DIRECTIONS FOR THIS TASK: From the records below, please repeat exactly the line that has "een eetkamer met", the line that has "Primo piano di", and every line between them, and nothing else.

[Short descriptive text snippets]

------------------------

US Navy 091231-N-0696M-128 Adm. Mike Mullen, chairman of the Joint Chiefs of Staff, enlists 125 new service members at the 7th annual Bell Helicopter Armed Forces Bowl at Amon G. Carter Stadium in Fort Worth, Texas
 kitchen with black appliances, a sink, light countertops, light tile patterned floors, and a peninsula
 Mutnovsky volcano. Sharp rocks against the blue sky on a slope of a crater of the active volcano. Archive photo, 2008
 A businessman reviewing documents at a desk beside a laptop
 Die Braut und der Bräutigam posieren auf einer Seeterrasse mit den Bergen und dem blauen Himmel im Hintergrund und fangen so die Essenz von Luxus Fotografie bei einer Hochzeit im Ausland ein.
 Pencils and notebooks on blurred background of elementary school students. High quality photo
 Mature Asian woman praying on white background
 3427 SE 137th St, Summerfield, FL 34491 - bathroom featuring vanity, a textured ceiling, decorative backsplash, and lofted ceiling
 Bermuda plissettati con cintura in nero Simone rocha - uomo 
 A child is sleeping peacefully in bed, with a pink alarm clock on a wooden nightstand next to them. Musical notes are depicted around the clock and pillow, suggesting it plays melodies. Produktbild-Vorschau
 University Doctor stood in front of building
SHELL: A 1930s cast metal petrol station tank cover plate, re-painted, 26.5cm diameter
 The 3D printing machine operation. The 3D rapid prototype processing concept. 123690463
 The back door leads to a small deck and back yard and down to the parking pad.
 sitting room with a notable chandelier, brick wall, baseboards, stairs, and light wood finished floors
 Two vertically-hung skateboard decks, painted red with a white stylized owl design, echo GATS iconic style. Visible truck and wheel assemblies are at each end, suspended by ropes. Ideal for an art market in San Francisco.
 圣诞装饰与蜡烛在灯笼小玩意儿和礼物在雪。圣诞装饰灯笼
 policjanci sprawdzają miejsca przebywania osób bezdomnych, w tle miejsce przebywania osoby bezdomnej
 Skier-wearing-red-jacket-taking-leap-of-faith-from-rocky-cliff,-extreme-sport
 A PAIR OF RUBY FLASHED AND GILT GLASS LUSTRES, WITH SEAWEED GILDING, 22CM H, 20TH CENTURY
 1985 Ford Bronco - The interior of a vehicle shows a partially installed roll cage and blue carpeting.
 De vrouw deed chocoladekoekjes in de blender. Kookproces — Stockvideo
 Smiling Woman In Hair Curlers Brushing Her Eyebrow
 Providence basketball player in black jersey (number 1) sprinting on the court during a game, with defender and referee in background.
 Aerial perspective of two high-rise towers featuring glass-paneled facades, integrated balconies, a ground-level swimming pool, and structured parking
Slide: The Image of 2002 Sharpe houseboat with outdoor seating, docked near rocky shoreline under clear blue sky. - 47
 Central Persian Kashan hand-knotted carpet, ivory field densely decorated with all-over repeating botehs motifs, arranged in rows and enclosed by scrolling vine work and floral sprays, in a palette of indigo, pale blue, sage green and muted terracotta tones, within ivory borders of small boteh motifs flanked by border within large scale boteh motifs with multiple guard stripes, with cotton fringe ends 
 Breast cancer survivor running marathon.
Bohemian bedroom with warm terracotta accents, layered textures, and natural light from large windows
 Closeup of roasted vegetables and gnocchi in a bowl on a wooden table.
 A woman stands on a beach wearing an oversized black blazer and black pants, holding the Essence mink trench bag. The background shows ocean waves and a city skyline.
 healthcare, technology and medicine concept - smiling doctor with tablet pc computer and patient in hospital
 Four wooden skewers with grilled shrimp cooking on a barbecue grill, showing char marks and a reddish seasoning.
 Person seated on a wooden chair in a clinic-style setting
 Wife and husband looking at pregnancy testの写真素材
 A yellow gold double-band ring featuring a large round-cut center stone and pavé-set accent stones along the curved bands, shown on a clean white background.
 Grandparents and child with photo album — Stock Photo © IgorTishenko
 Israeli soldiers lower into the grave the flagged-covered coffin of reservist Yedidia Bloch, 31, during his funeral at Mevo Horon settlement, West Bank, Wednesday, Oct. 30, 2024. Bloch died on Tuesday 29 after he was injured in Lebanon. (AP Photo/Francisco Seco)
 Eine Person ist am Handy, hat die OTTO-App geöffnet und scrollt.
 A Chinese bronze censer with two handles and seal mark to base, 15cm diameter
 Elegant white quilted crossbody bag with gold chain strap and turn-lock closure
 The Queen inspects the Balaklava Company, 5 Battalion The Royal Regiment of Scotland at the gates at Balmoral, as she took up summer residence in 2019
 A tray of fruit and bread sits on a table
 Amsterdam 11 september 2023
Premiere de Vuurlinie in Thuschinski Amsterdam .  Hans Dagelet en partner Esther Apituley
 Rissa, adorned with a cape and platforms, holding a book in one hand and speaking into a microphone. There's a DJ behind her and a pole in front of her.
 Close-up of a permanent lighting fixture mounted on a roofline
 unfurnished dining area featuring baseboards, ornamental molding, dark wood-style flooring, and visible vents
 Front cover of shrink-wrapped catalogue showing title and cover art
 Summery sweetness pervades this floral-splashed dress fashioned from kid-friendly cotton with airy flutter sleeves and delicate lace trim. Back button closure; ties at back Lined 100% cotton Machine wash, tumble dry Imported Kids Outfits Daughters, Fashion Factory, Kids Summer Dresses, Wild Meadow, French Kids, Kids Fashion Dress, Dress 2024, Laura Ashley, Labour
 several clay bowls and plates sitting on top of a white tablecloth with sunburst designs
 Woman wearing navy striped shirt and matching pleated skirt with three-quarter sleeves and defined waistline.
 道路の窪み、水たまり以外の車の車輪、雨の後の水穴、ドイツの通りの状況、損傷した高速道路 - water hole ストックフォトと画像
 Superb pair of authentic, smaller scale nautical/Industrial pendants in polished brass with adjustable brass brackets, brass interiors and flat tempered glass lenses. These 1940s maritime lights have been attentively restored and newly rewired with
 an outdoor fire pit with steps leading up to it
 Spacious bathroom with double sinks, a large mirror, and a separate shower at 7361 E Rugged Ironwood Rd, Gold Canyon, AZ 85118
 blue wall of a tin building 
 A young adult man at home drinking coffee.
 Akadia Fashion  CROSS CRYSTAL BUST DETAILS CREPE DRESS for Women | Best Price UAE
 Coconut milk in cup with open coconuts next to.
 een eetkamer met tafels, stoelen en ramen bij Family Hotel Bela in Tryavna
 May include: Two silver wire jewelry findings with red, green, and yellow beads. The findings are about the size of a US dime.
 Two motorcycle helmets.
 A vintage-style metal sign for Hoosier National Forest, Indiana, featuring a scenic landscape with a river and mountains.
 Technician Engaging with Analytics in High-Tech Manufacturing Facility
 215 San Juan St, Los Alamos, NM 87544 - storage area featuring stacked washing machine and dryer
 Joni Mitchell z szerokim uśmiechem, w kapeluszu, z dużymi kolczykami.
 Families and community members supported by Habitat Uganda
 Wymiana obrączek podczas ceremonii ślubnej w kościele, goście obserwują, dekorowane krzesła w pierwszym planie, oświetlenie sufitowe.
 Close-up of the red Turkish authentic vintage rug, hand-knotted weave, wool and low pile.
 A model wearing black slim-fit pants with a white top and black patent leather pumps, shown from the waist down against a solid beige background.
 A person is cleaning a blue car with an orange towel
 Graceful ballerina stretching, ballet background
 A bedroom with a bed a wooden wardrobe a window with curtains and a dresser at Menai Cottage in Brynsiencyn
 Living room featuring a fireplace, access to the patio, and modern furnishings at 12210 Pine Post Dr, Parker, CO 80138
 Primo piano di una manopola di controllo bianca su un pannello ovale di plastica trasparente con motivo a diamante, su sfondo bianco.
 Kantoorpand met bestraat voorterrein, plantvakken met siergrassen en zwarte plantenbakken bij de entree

------------------------

EXPECTED OUTPUT:
 een eetkamer met tafels, stoelen en ramen bij Family Hotel Bela in Tryavna
 May include: Two silver wire jewelry findings with red, green, and yellow beads. The findings are about the size of a US dime.
 Two motorcycle helmets.
 A vintage-style metal sign for Hoosier National Forest, Indiana, featuring a scenic landscape with a river and mountains.
 Technician Engaging with Analytics in High-Tech Manufacturing Facility
 215 San Juan St, Los Alamos, NM 87544 - storage area featuring stacked washing machine and dryer
 Joni Mitchell z szerokim uśmiechem, w kapeluszu, z dużymi kolczykami.
 Families and community members supported by Habitat Uganda
 Wymiana obrączek podczas ceremonii ślubnej w kościele, goście obserwują, dekorowane krzesła w pierwszym planie, oświetlenie sufitowe.
 Close-up of the red Turkish authentic vintage rug, hand-knotted weave, wool and low pile.
 A model wearing black slim-fit pants with a white top and black patent leather pumps, shown from the waist down against a solid beige background.
 A person is cleaning a blue car with an orange towel
 Graceful ballerina stretching, ballet background
 A bedroom with a bed a wooden wardrobe a window with curtains and a dresser at Menai Cottage in Brynsiencyn
 Living room featuring a fireplace, access to the patio, and modern furnishings at 12210 Pine Post Dr, Parker, CO 80138
 Primo piano di una manopola di controllo bianca su un pannello ovale di plastica trasparente con motivo a diamante, su sfondo bianco.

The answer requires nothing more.